* **WHAT IS EXPECTED**:
Every line of the data that contains the string "does" must be copied.

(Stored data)

- - - - - - -

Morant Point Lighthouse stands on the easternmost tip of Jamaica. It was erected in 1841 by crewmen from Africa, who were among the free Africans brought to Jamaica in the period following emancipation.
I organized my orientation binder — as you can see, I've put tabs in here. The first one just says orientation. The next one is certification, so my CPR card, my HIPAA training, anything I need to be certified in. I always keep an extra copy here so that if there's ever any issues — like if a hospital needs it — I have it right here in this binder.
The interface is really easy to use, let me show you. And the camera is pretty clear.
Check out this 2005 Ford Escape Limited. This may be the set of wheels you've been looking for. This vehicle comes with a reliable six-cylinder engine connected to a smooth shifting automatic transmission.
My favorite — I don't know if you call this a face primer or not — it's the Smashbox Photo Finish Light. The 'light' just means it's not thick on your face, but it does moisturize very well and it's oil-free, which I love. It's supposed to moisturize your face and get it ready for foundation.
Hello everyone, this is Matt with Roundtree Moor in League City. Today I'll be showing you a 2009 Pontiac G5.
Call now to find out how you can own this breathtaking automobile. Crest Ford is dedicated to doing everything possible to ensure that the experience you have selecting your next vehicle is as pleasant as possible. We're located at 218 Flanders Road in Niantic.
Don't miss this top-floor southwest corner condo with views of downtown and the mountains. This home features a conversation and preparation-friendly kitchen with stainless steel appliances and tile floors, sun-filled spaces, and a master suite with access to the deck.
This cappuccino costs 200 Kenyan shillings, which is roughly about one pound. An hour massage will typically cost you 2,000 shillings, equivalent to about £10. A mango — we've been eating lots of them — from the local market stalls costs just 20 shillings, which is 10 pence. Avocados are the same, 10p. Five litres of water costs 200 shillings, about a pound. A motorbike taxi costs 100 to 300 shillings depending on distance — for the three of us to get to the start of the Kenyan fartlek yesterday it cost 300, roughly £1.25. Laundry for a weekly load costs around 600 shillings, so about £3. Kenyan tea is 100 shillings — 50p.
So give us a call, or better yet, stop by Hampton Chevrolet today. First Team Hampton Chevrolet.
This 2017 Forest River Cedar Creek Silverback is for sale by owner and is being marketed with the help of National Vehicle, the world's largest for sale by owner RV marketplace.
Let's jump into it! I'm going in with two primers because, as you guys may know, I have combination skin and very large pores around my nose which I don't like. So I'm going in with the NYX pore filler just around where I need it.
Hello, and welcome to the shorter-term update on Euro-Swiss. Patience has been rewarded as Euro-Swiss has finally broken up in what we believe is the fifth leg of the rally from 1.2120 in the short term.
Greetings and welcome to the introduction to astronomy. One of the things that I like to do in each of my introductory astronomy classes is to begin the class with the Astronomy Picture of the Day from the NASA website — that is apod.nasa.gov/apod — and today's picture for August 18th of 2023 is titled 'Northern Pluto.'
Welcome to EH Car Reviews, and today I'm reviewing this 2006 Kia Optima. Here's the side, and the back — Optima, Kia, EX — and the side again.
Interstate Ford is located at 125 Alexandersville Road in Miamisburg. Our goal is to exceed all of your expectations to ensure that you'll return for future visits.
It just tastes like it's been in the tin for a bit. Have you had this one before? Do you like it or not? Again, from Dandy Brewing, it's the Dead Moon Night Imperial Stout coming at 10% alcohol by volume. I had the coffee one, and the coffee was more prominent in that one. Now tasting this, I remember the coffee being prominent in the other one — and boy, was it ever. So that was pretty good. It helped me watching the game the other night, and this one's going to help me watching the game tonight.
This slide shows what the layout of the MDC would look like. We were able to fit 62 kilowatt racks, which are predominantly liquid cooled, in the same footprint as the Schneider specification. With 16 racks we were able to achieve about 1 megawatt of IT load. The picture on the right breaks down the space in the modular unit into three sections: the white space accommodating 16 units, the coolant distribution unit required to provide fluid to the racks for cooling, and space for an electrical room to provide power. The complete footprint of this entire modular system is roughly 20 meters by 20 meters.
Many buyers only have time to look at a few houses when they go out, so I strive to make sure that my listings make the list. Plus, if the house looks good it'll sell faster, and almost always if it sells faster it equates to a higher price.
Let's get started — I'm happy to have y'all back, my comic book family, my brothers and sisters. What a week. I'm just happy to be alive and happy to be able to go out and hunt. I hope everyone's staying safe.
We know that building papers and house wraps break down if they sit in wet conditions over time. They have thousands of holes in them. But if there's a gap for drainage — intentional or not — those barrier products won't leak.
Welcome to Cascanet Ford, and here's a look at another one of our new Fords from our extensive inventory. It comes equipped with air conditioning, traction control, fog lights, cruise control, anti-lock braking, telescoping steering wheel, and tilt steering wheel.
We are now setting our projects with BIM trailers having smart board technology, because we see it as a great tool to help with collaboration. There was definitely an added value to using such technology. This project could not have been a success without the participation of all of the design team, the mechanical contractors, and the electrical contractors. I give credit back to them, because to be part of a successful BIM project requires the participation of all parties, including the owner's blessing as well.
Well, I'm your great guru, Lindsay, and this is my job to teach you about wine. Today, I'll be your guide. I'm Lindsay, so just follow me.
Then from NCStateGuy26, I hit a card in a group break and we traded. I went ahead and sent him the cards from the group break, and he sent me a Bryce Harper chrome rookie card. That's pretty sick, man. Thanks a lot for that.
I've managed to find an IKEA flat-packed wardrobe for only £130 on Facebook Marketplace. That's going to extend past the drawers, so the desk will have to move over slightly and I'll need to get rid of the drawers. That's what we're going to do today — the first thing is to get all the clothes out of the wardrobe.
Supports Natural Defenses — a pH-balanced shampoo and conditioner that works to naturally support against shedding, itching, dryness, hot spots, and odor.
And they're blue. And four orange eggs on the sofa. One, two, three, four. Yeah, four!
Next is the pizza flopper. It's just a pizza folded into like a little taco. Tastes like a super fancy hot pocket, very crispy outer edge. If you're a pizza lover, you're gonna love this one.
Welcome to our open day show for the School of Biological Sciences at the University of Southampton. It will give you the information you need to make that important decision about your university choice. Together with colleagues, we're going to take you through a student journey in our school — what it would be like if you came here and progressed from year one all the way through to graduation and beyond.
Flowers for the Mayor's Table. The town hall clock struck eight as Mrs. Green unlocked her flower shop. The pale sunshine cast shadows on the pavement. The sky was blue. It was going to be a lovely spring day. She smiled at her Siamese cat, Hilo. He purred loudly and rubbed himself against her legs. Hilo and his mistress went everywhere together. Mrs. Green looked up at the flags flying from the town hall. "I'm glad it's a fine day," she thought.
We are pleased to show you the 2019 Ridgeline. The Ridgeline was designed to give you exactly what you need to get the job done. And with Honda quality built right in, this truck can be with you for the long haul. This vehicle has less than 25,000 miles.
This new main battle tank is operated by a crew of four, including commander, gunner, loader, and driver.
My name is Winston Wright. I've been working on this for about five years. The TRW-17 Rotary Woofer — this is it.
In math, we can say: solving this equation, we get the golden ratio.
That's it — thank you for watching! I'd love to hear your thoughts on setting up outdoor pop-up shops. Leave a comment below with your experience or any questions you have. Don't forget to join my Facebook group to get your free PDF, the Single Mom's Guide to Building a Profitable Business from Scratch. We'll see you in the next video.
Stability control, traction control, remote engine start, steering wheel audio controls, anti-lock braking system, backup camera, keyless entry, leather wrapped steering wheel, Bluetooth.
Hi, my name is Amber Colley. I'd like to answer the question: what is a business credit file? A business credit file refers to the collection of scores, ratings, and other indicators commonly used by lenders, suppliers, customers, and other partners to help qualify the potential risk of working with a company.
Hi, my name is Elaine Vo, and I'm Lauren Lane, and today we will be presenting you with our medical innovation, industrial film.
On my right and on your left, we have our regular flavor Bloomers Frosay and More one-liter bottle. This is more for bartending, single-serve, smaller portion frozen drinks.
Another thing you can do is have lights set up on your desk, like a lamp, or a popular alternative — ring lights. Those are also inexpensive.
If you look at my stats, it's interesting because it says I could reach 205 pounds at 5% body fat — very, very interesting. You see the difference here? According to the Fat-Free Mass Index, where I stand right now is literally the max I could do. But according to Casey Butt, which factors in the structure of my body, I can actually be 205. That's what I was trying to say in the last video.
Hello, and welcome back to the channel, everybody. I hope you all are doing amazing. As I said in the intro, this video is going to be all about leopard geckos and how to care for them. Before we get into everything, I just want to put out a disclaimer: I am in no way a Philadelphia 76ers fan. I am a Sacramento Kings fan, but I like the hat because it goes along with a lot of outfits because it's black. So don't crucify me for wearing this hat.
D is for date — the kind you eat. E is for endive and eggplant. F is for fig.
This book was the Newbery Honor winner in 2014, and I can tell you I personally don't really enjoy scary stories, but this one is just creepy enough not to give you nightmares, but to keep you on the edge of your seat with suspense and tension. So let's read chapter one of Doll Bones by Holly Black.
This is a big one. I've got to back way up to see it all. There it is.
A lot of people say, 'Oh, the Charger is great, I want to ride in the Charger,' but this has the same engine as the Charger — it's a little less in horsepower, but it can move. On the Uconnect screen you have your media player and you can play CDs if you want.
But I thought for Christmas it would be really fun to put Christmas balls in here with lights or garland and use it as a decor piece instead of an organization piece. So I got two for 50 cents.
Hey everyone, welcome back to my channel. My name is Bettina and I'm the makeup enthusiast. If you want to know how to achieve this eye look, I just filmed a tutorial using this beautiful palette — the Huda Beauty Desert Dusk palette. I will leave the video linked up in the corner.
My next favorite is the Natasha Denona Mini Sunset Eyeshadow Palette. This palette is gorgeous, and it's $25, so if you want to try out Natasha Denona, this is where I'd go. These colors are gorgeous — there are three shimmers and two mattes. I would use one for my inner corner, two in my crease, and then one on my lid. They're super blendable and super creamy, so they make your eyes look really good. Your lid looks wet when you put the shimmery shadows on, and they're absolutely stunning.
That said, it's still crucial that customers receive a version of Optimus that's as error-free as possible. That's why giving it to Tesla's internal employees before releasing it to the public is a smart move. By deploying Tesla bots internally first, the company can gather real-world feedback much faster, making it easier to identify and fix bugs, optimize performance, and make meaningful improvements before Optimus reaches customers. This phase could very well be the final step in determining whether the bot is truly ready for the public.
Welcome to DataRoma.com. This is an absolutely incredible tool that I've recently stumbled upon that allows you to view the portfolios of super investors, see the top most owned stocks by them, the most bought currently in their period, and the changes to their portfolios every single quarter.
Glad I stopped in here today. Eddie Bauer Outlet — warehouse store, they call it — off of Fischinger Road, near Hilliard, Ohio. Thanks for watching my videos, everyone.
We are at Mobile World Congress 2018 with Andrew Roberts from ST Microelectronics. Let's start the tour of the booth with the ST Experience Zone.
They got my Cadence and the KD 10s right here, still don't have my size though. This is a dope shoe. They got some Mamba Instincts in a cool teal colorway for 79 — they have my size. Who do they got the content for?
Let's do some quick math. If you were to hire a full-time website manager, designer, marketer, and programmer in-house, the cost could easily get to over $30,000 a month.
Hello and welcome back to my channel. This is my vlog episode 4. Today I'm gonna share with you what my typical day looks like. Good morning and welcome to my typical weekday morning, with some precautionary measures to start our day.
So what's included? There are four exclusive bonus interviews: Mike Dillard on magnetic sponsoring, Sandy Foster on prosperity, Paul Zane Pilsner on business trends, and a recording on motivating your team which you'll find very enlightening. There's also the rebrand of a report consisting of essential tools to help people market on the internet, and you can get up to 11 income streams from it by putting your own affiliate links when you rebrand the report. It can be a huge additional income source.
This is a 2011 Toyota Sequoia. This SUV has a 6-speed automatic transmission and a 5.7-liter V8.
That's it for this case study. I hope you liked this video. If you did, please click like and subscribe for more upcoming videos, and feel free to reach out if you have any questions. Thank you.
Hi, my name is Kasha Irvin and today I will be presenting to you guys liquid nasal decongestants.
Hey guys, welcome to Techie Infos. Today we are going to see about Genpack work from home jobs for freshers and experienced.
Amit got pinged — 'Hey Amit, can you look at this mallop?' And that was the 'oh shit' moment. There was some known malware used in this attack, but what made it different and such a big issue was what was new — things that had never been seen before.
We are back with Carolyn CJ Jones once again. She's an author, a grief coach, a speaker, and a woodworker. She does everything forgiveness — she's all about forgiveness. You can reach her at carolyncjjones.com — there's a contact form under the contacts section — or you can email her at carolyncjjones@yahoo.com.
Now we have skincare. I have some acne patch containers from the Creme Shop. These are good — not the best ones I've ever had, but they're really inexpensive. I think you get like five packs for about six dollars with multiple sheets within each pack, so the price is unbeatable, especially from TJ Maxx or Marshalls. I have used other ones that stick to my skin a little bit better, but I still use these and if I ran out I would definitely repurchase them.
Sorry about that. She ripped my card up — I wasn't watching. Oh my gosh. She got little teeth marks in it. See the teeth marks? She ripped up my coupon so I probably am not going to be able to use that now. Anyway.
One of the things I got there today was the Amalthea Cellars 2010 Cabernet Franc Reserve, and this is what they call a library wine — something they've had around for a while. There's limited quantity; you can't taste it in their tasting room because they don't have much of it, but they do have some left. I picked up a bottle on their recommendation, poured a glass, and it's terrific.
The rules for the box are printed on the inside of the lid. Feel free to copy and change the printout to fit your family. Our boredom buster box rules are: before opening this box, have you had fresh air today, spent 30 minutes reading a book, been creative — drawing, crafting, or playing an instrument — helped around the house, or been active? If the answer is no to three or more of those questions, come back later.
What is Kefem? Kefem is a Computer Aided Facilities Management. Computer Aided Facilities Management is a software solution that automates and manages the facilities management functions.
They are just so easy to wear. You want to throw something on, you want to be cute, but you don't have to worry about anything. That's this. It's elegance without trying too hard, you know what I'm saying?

- - - - - - -

* **TASK RESULT**:
My favorite — I don't know if you call this a face primer or not — it's the Smashbox Photo Finish Light. The 'light' just means it's not thick on your face, but it does moisturize very well and it's oil-free, which I love. It's supposed to moisturize your face and get it ready for foundation.
We are back with Carolyn CJ Jones once again. She's an author, a grief coach, a speaker, and a woodworker. She does everything forgiveness — she's all about forgiveness. You can reach her at carolyncjjones.com — there's a contact form under the contacts section — or you can email her at carolyncjjones@yahoo.com.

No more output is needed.